De gemeente Landgraaf mocht een ambtenaar ontslaan die tijdens werktijd langs de kant van de weg zat te niksen en bier dronk. Volgens de man moest hij de tijd doden, omdat hij sneller werkte dan zijn collega's.
De ambtenaar werkte al sinds 1979 voor de gemeente Landgraaf, maar raakte in 2018 plotseling in de problemen nadat iemand bij zijn werkgever had gemeld dat er ergens regelmatig een auto van de gemeente langs de kant van de weg stil stond, waarin mensen niets zaten te doen.
De gemeente liet de betreffende auto daarop door Hoffmann Bedrijfsrecherche volgen met een gps-tracker. Daaruit bleek dat de auto in een periode van vijf maanden inderdaad 23 keer voor het einde van de werktijd een half tot een heel uur stil stond op locaties die niets met werk te maken hadden.
Uit onderzoek van zijn urenbriefjes bleek dat de bestuurder van de bedrijfsauto die tijd wel als werkuren had opgevoerd. In een van de gevallen werd tijdens een observatie waargenomen dat de ambtenaar twee halve-literblikken bier dronk.
Toen de man tijdens een gesprek met de bevindingen werd geconfronteerd, erkende hij dat hij soms een uur voor afloop van zijn werktijd ergens met zijn bedrijfswagen ging staan om de tijd te doden, en daarbij ook wel eens een biertje dronk.
Daarop werd de ambtenaar door de gemeente geschorst, en vervolgens ontslagen wegens ernstig plichtsverzuim. Daarbij wees zijn werkgever op verboden alcoholgebruik onder werktijd, diefstal van uren en fraude met werkbriefjes.

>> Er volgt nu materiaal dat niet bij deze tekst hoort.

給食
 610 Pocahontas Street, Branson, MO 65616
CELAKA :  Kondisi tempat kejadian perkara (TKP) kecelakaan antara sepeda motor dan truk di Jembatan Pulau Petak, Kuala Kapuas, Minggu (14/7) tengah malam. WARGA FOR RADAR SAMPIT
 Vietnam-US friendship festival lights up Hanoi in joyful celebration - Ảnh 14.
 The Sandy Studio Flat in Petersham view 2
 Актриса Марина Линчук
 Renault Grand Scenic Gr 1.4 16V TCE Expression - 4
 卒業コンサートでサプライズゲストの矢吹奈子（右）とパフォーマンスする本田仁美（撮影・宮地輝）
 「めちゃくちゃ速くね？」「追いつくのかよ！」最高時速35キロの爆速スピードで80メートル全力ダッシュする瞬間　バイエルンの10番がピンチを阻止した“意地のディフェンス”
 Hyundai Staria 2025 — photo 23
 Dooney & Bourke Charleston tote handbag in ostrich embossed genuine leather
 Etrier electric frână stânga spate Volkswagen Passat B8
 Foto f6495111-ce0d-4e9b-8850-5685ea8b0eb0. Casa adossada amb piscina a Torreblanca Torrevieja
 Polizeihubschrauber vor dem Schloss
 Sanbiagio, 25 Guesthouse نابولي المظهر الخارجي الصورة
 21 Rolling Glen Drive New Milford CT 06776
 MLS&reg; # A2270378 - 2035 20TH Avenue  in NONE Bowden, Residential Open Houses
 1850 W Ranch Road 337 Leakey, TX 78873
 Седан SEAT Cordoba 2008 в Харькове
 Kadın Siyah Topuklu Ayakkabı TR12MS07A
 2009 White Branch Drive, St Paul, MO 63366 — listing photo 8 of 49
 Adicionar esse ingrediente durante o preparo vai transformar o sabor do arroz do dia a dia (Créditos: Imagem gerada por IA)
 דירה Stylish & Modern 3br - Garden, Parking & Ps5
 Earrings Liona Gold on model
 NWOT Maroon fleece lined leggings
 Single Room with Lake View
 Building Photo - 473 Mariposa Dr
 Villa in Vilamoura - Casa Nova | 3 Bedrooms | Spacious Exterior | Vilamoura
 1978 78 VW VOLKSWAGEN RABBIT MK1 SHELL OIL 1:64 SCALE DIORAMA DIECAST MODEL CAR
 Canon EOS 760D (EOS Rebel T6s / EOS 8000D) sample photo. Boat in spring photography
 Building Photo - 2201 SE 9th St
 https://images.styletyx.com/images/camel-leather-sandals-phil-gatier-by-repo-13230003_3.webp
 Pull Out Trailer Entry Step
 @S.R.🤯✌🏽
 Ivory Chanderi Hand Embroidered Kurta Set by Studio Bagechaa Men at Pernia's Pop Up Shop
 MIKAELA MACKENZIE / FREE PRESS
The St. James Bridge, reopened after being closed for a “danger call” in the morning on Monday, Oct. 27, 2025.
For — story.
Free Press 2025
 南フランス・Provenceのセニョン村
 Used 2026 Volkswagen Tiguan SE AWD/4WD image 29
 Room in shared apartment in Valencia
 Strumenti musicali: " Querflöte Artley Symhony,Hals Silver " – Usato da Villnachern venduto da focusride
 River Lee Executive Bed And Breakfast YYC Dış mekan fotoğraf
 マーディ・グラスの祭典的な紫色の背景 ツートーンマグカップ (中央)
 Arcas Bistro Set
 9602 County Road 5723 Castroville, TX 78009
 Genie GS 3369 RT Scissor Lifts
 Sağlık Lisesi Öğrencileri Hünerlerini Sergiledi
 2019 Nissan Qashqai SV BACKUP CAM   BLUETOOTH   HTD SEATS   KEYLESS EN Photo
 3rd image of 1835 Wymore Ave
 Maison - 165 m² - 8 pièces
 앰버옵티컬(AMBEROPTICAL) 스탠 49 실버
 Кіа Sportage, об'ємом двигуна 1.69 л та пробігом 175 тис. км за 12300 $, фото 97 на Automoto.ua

Nadat zijn bezwaar tegen het strafontslag door de gemeente was afgewezen, stapte de ambtenaar naar de rechter om te protesteren. Daar bracht hij onder meer naar voren dat hij sneller en harder werkte dan collega's, waardoor zijn werk eerder af was. Zo zou hij tijd over hebben, die hij doodde in zijn bedrijfsauto.
De rechtbank Limburg was daarvan echter niet onder de indruk. In de uitspraak van februari 2020 benadrukte de rechter dat de ambtenaar gedurende zijn werktijd arbeid moet verrichten.
"Het is niet de bedoeling dat hij daar op eigen initiatief een andere invulling aan geeft door zijn voertuig ergens een half uur tot een uur te parkeren om zijn tijd uit te zitten tot het einde van zijn werkdag."
Ook vond de rechter niet dat de gemeente de ambtenaar voor het ontslag eerst een waarschuwing had moeten geven. De man liet het er echter niet bij zitten, en ging in hoger beroep.
Voor de Centrale Raad van Beroep (CRvB) voerde de ambtenaar onder meer aan dat hij nooit gevolgd had mogen worden. De hoogste bestuursrechter was het daarmee niet eens. Omdat de observaties zich beperkten tot de openbare ruimte en werktijd, zou er evenmin sprake zijn van schending van zijn privacy.
Ook stelde de man dat ambtenaren van de gemeente Landgraaf wel vaker vroeg stoppen met werken, en tijdens werktijd alcohol drinken. Als dat al waar zou zijn, doet het in deze zaak volgens de CRvB niet ter zake. "De ambtenaar blijkt immers verantwoordelijk voor zijn eigen laakbare handelen."
De CRvB erkent wel dat de ambtenaar een lange staat van dienst heeft en goed functioneerde, en dat de financiële gevolgen van het ontslag voor hem ingrijpend zijn. Toch vindt de bestuursrechter de straf niet onevenredig zwaar.
Omdat het ontslag het gevolg is van verwijtbaar gedrag, kreeg de ambtenaar waarschijnlijk geen ontslagvergoeding mee, en kan hij ook geen aanspraak maken op een ww-uitkering.